- Cameron (left) and Keneally during first episode of the program
- Genre: News, Current Affairs, Commentary
- Presented by: Kristina Keneally Ross Cameron
- Country of origin: Australia
- Original language: English

Production
- Running time: 2 hours

Original release
- Network: Sky News Australia
- Release: 19 September 2014 – 27 March 2015

Related
- The Contrarians; The Friday Show;

= Keneally and Cameron =

Australian television news program

Keneally and Cameron is an Australian television news and commentary program broadcast weekly on Sky News Australia from 2014 to 2015, co-hosted by former NSW Premier Kristina Keneally and former Federal Liberal Minister Ross Cameron. The show was a replacement of axed format The Contrarians, which Keneally and Cameron had co-hosted since mid-2014.

The series focused on mainly political topics, with the co-hosts joined by different newsmakers, politicians and commentators throughout the show, and discussed the issues of the week. The program aired at 4pm on Friday afternoons. The program had news updates from a Sky News presenter every half-hour throughout the show.
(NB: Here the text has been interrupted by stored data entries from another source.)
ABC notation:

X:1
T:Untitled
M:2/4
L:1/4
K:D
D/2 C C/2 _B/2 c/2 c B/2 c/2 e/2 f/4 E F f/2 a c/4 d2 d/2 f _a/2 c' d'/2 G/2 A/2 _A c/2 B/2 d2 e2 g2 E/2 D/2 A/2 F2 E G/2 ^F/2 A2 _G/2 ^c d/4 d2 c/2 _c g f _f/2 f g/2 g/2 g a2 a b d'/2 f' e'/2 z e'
The final segment of the show was The Team Australia Awards, named after a phrase coined by Prime Minister Tony Abbott shortly before the program premiered, in which Keneally, Cameron and their guests give awards to prominent Australians or groups. These awards included positive awards such as 'Team Australia MVP' to anyone the hosts thought made a positive contribution during the week, and negative awards including a yellow card and red card given to people who caused controversy or did something wrong during the week.
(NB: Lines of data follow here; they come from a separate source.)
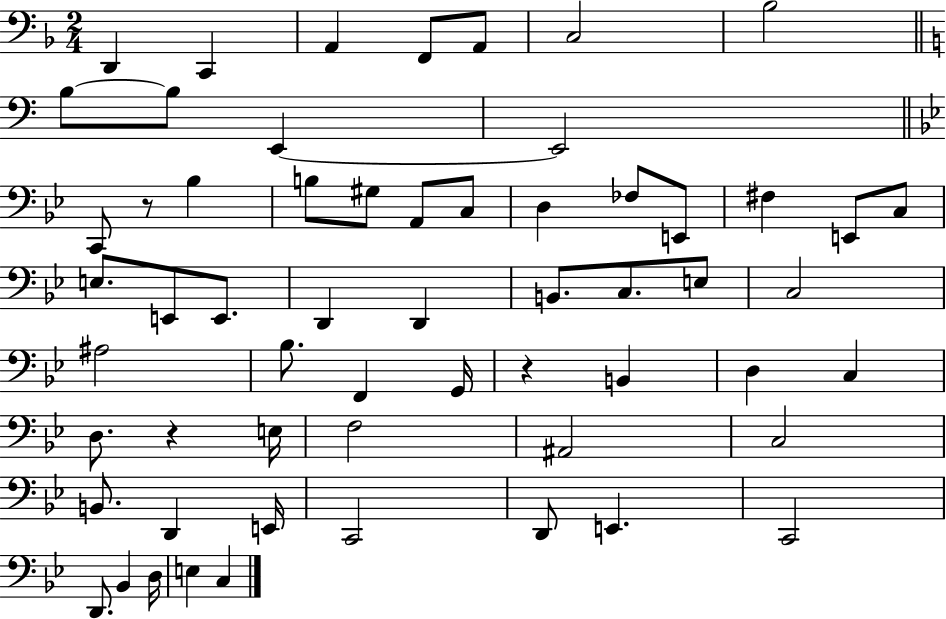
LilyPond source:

{
  \clef bass
  \numericTimeSignature
  \time 2/4
  \key f \major
  \repeat volta 2 { d,4 c,4 | a,4 f,8 a,8 | c2 | bes2 | \break \bar "||" \break \key c \major b8~~ b8 e,4~~ | e,2 | \bar "||" \break \key bes \major c,8 r8 bes4 | b8 gis8 a,8 c8 | d4 fes8 e,8 | fis4 e,8 c8 | \break e8. e,8 e,8. | d,4 d,4 | b,8. c8. e8 | c2 | \break ais2 | bes8. f,4 g,16 | r4 b,4 | d4 c4 | \break d8. r4 e16 | f2 | ais,2 | c2 | \break b,8. d,4 e,16 | c,2 | d,8 e,4. | c,2 | \break d,8. bes,4 d16 | e4 c4 | } \bar "|."
}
Tweets were also read out during the show from viewers using the show's hashtag. The program was broadcast from the Sky News centre in the Sydney suburb of Macquarie Park.

==Ending of program==
The program last aired on 27 March 2015 with Janine Perrett filling in for Keneally who was on holidays. It was replaced by a two-hour news bulletin on 3 April (which was a public holiday), and again by a new program called The Friday Show hosted by Janine Perrett on 10 April.

It was reported that the show ended due to Keneally being unhappy with the way the program portrayed her. Keneally was named co-host of a new daytime program To The Point, while Cameron remained a contributor to other Sky programs.